Task details:
Repeat the records below exactly, from the first line through the line containing "Image of HUNGSON", and leave out any pictures.

(Data for analysis)

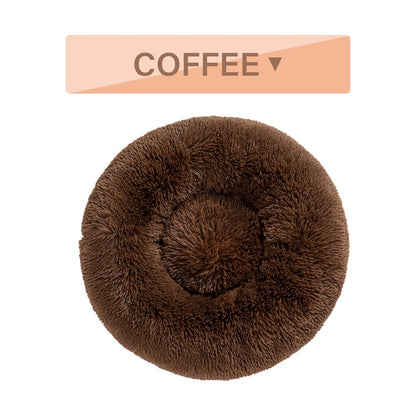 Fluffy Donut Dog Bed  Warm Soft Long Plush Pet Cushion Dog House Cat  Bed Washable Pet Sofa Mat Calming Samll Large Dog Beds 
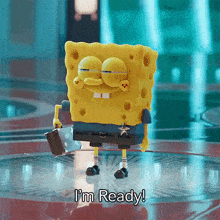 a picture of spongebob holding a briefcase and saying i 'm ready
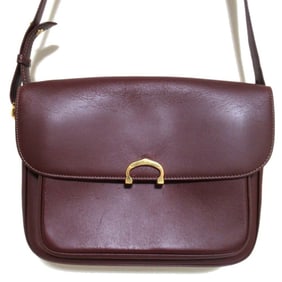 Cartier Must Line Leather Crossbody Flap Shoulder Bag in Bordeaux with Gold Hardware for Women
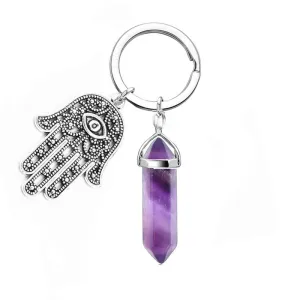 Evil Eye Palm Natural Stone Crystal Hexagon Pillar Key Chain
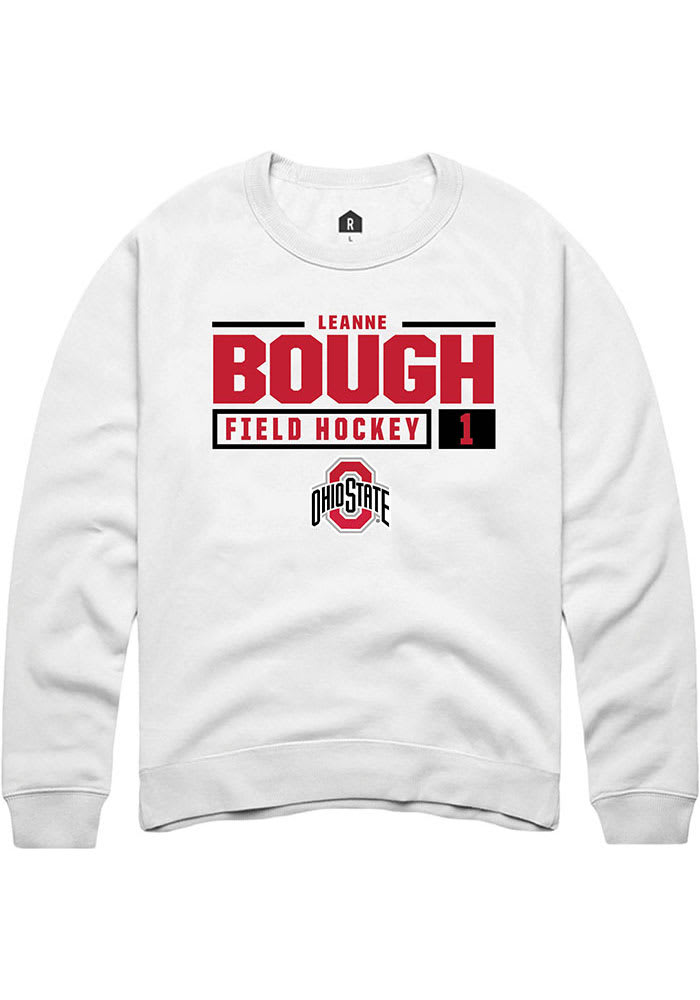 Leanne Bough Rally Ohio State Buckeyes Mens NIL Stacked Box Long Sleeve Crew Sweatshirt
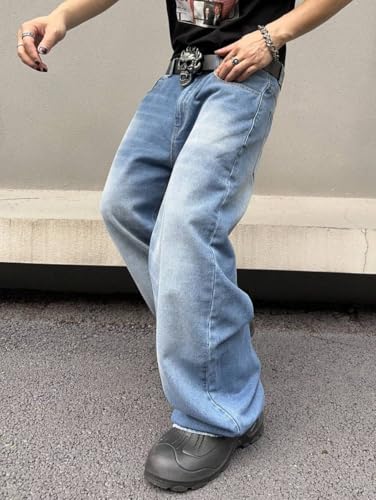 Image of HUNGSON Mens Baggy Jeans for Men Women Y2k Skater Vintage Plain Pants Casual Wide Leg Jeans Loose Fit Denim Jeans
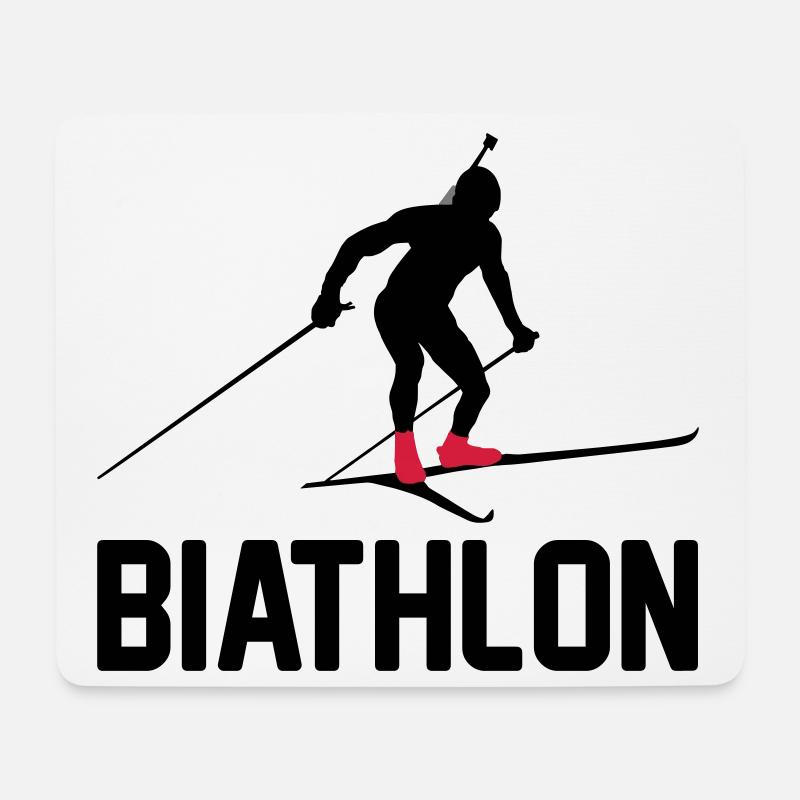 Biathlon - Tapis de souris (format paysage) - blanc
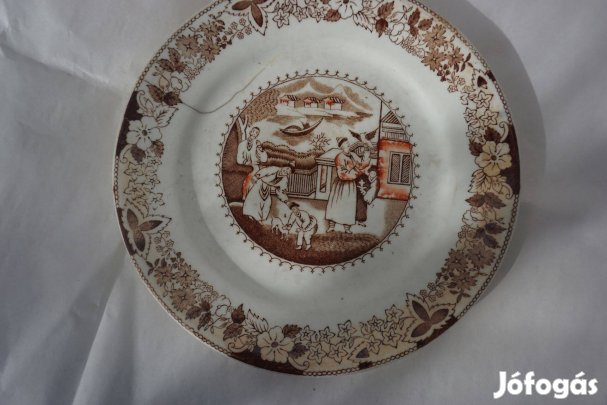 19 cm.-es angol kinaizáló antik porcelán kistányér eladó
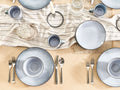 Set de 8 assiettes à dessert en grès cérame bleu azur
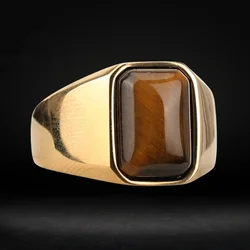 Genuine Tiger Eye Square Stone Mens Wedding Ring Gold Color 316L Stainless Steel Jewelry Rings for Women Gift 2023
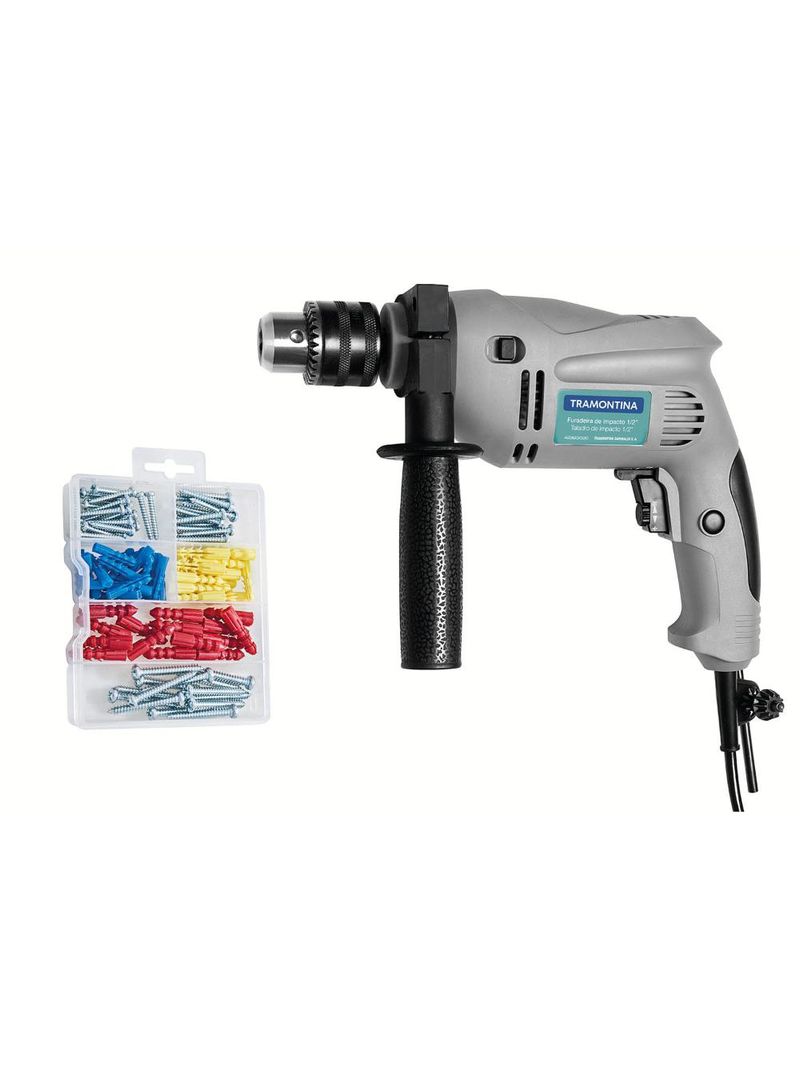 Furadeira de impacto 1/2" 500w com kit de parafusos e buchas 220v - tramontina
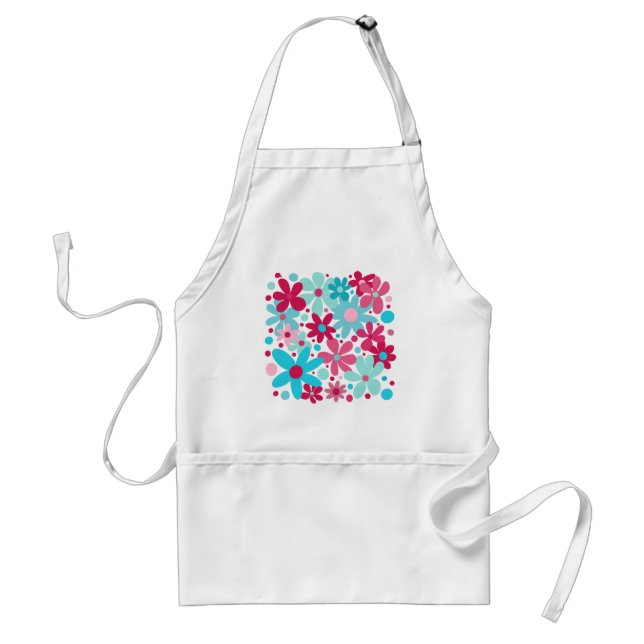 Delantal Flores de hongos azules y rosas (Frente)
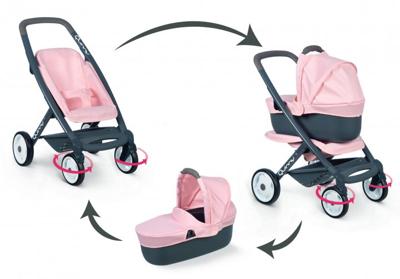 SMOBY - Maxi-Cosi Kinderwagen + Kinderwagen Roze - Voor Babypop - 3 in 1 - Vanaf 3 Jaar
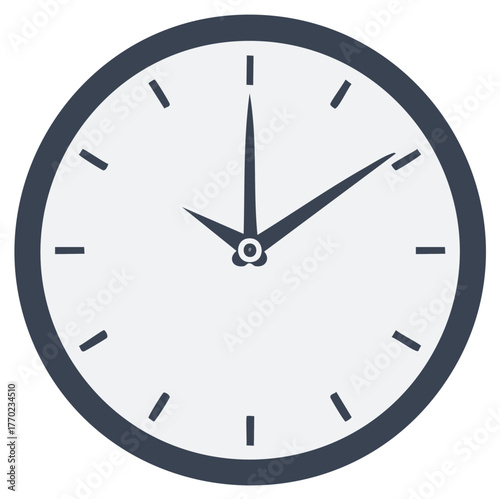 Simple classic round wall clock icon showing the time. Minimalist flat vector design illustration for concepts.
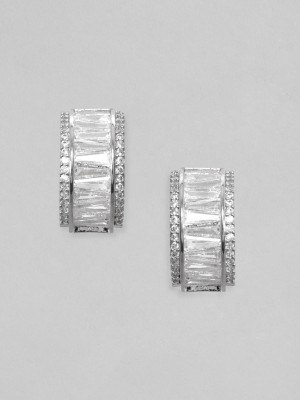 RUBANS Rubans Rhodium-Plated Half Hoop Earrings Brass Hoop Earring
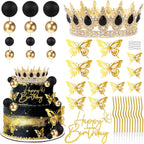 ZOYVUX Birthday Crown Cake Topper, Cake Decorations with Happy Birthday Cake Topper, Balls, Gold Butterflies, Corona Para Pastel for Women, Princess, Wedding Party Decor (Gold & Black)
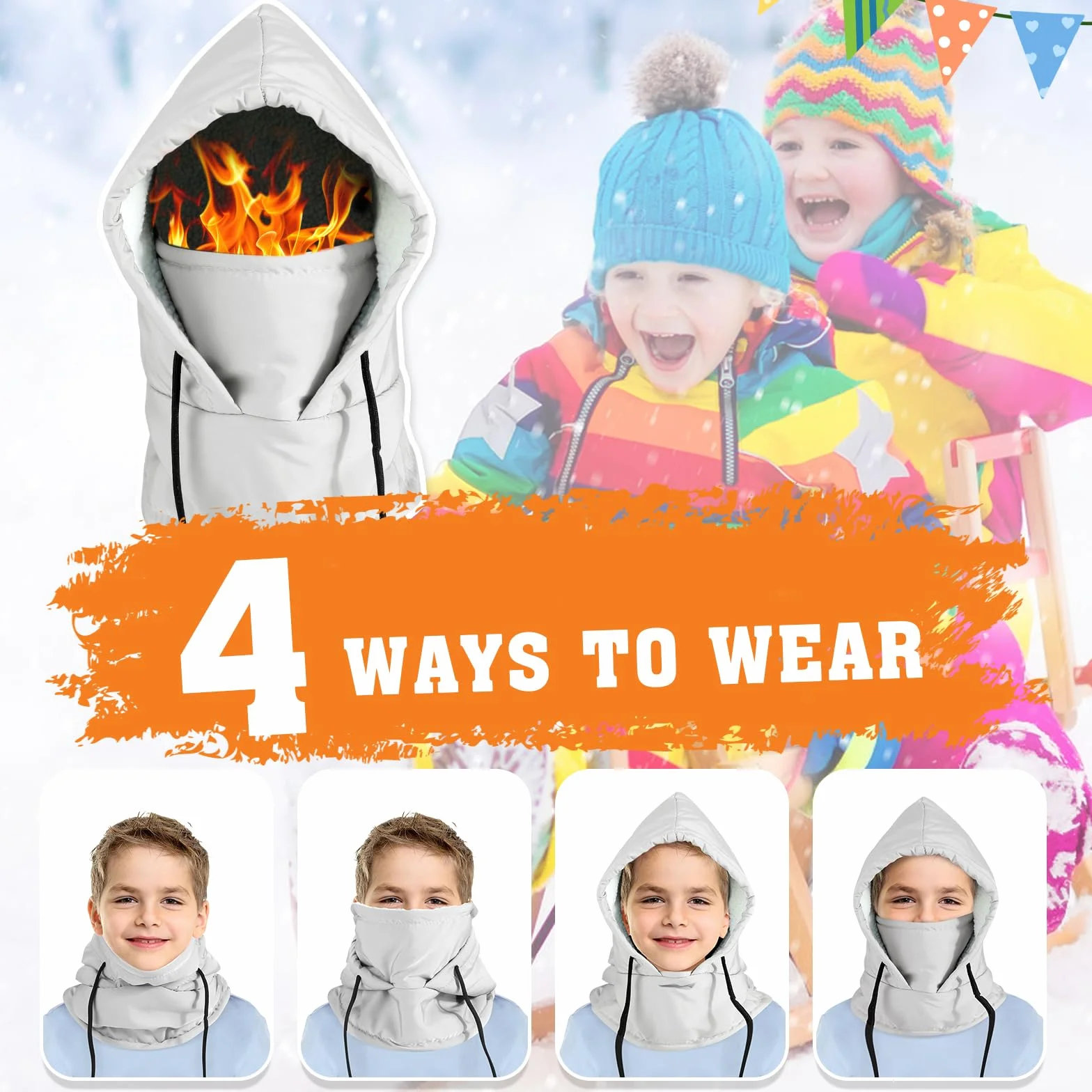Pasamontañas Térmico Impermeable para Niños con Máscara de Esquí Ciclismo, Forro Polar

(End Data for analysis)

Output for this exercise:
 Fluffy Donut Dog Bed  Warm Soft Long Plush Pet Cushion Dog House Cat  Bed Washable Pet Sofa Mat Calming Samll Large Dog Beds 
 a picture of spongebob holding a briefcase and saying i 'm ready
 Cartier Must Line Leather Crossbody Flap Shoulder Bag in Bordeaux with Gold Hardware for Women
 Evil Eye Palm Natural Stone Crystal Hexagon Pillar Key Chain
 Leanne Bough Rally Ohio State Buckeyes Mens NIL Stacked Box Long Sleeve Crew Sweatshirt
 Image of HUNGSON Mens Baggy Jeans for Men Women Y2k Skater Vintage Plain Pants Casual Wide Leg Jeans Loose Fit Denim Jeans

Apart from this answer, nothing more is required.